*** Block opens ***

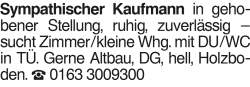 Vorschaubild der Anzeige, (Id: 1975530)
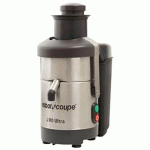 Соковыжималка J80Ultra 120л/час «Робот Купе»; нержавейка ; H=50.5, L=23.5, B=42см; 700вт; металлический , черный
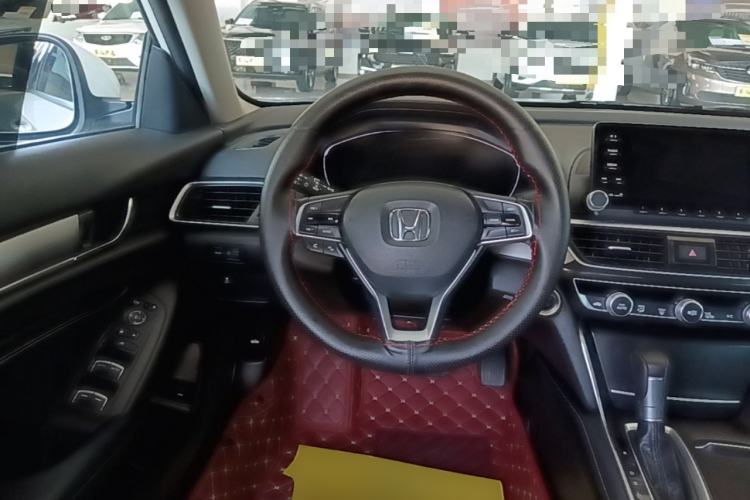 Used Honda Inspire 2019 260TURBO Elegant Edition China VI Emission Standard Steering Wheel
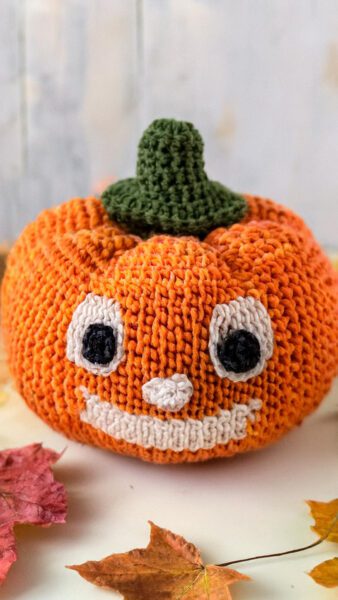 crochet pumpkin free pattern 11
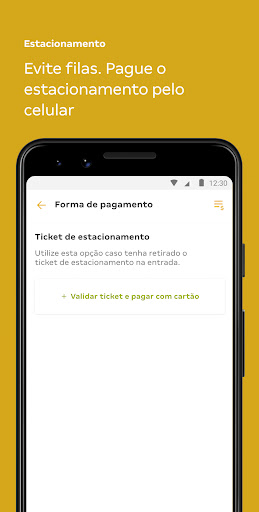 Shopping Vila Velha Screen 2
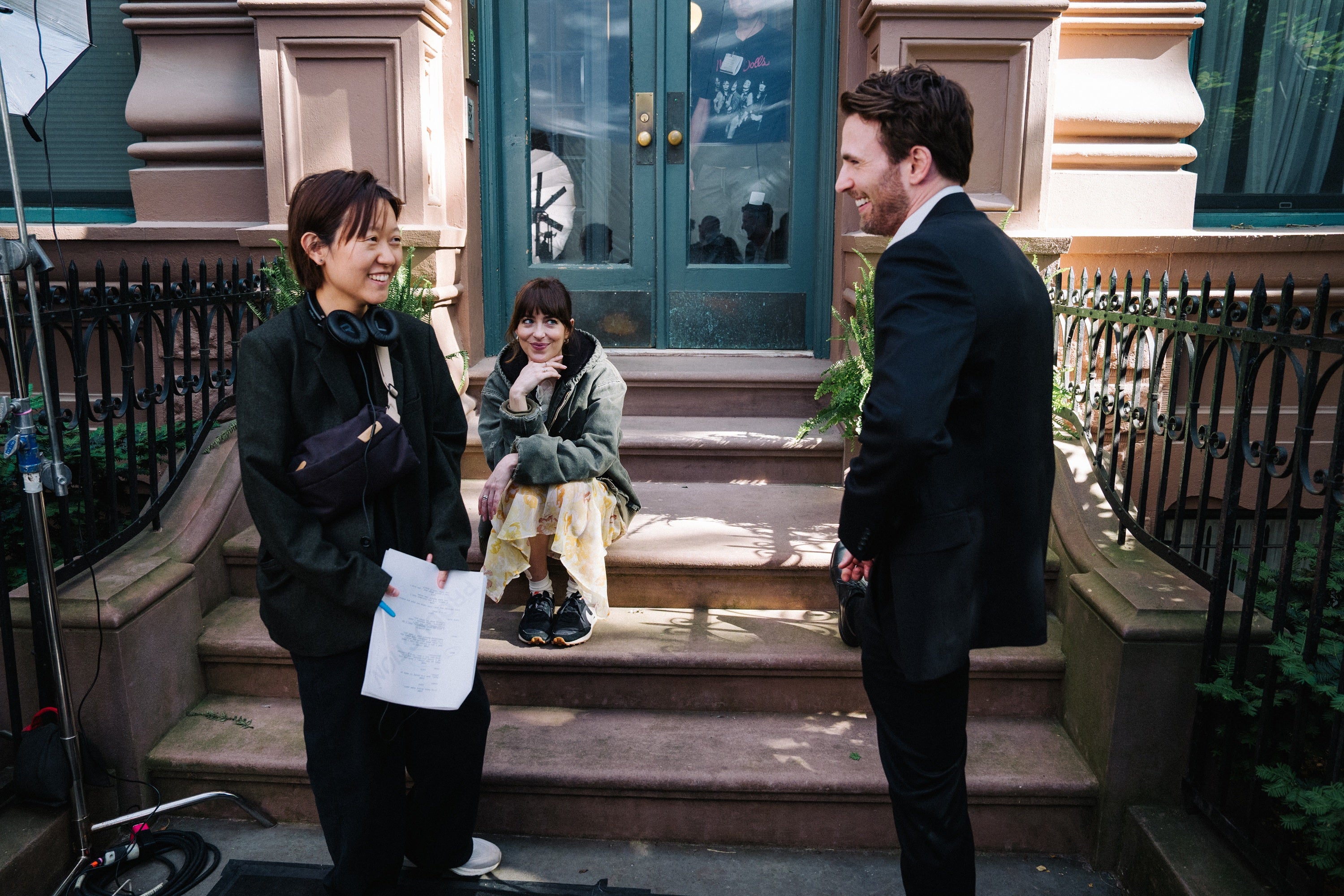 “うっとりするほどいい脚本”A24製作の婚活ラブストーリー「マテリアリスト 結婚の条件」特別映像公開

*** Block closes ***
*** Block opens ***

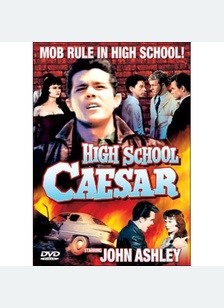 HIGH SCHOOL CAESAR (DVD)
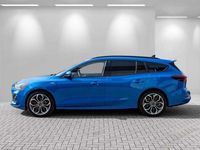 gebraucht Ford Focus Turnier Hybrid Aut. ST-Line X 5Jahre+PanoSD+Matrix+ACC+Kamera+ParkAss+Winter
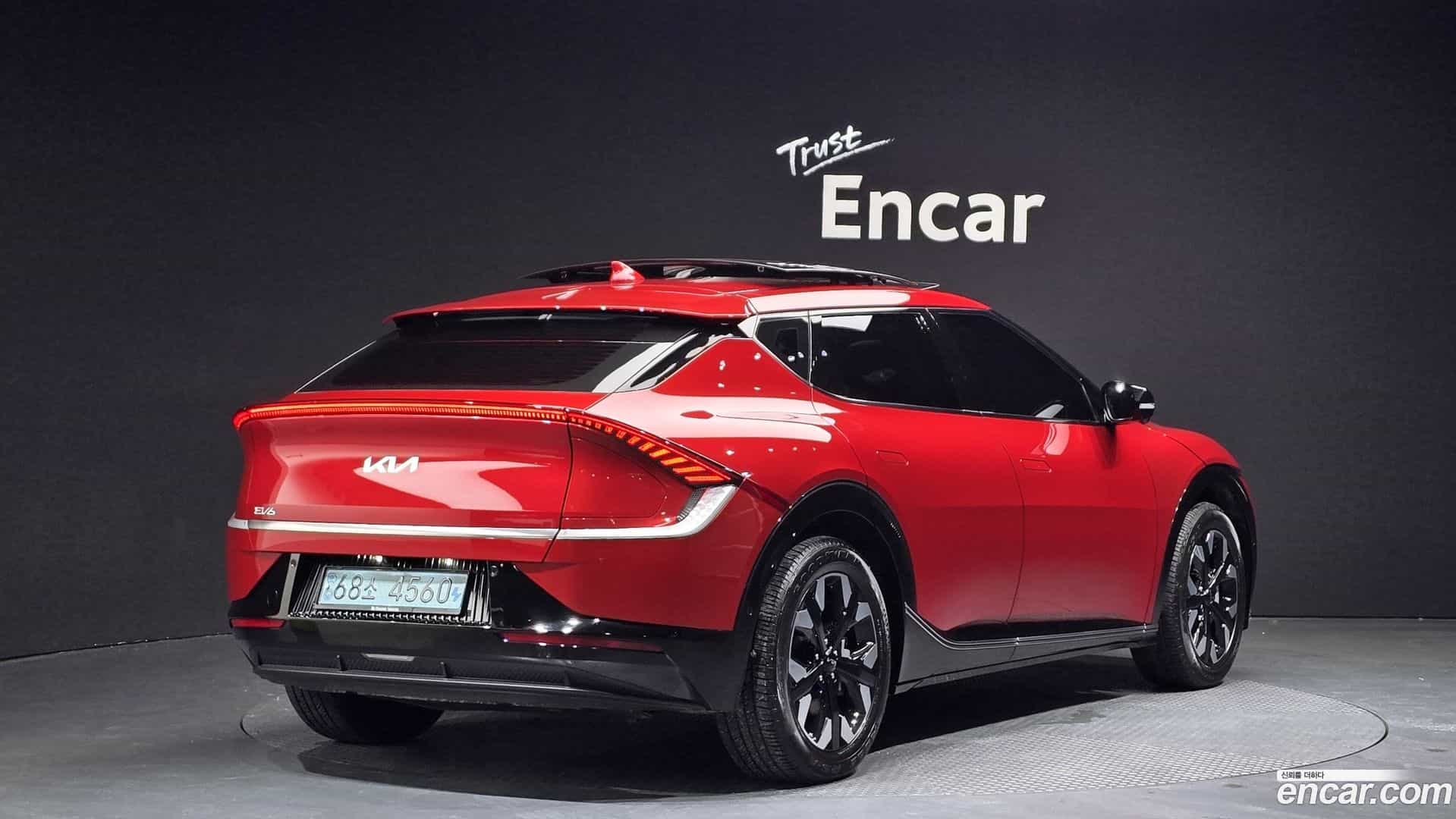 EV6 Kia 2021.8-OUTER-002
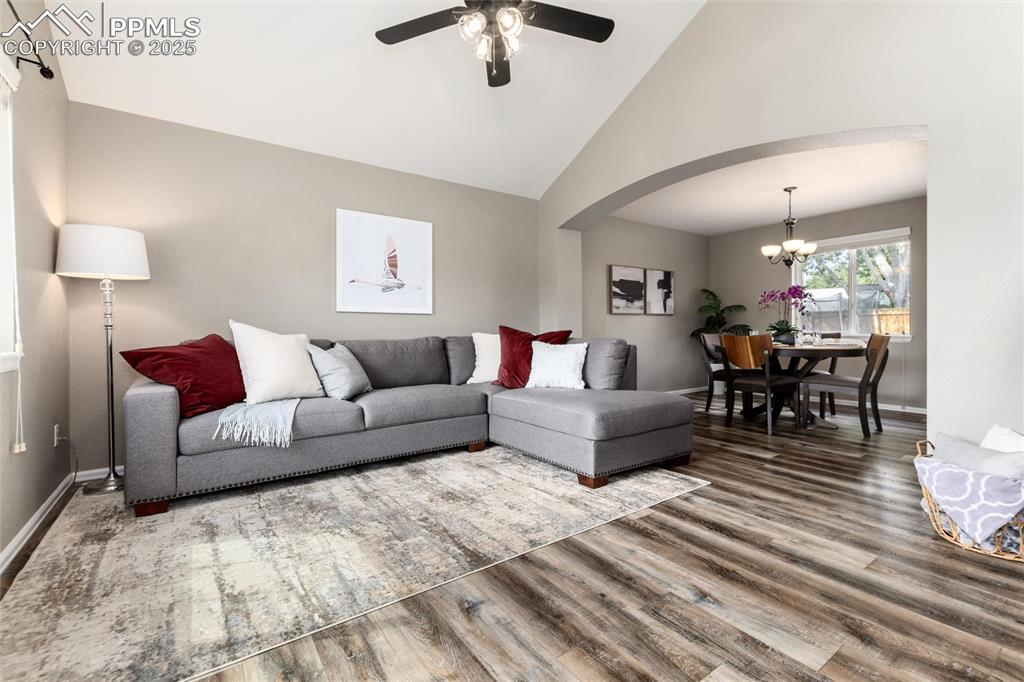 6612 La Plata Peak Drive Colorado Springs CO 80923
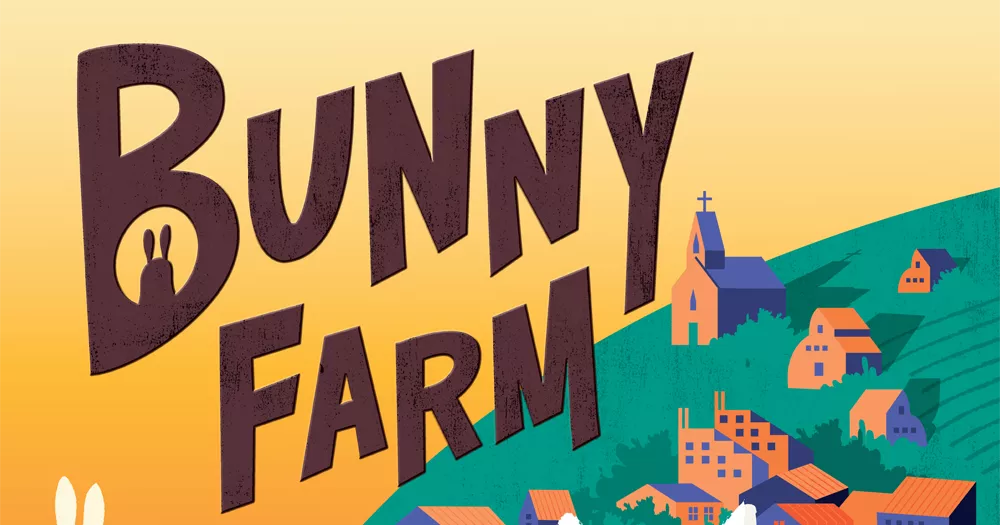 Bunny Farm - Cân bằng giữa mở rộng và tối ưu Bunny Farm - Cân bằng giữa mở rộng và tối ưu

*** Block closes ***
*** Block opens ***

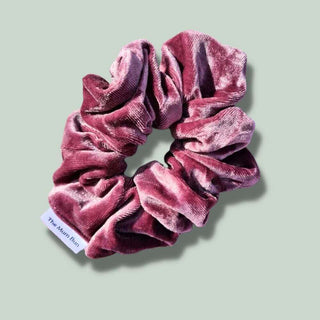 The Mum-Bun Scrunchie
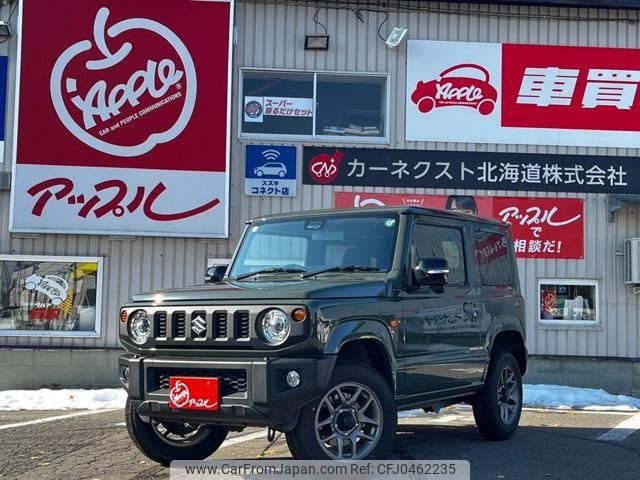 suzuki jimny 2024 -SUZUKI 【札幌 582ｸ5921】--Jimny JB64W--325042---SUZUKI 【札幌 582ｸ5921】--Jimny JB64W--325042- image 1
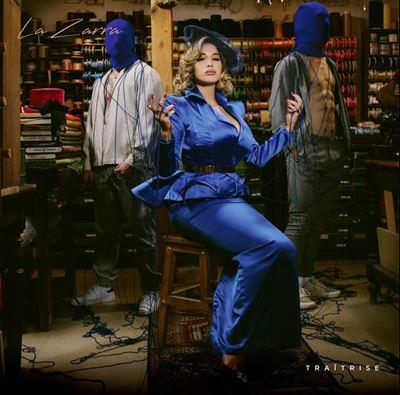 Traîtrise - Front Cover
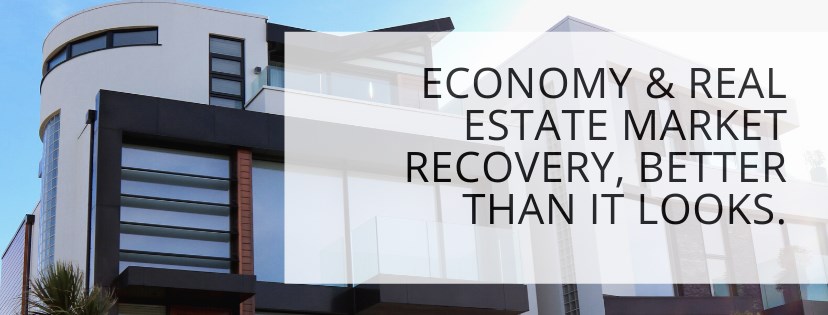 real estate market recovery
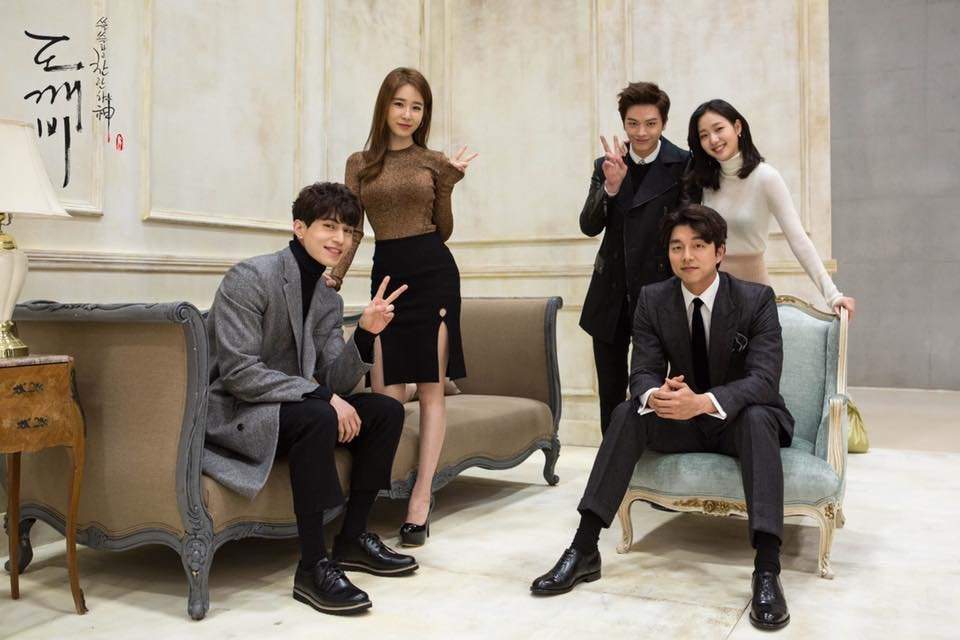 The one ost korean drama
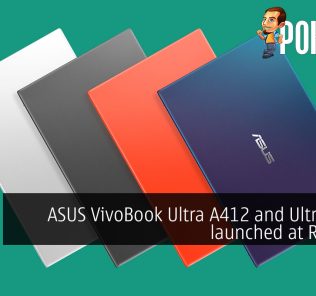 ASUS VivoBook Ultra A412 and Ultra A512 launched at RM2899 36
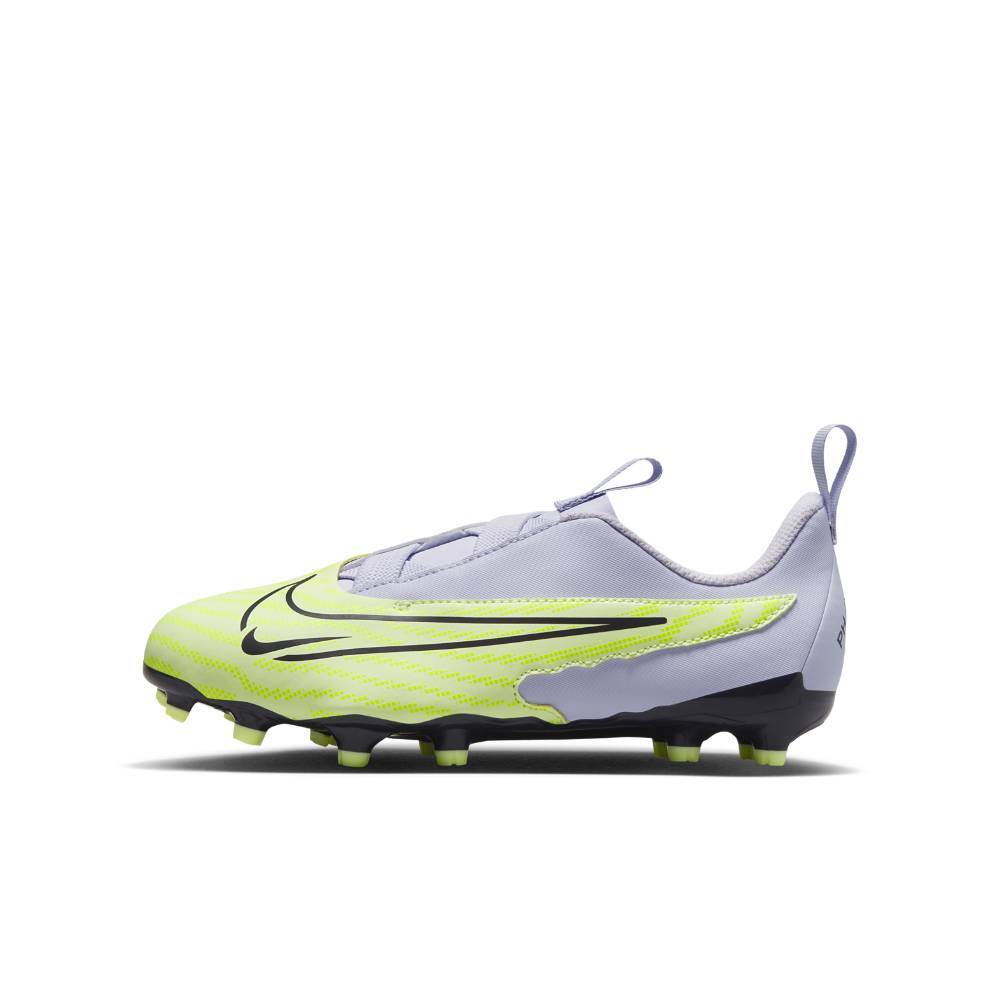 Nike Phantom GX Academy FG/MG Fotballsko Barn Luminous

*** Block closes ***

■ Aim of the task
Using the data above, give again exactly the lines starting at the one holding "The Mum-Bun Scrunchie" and ending at the one holding "Nike Phantom GX", inclusive, and nothing more. Omit the pictures.

■ Response area
 The Mum-Bun Scrunchie
 suzuki jimny 2024 -SUZUKI 【札幌 582ｸ5921】--Jimny JB64W--325042---SUZUKI 【札幌 582ｸ5921】--Jimny JB64W--325042- image 1
 Traîtrise - Front Cover
 real estate market recovery
 The one ost korean drama
 ASUS VivoBook Ultra A412 and Ultra A512 launched at RM2899 36
 Nike Phantom GX Academy FG/MG Fotballsko Barn Luminous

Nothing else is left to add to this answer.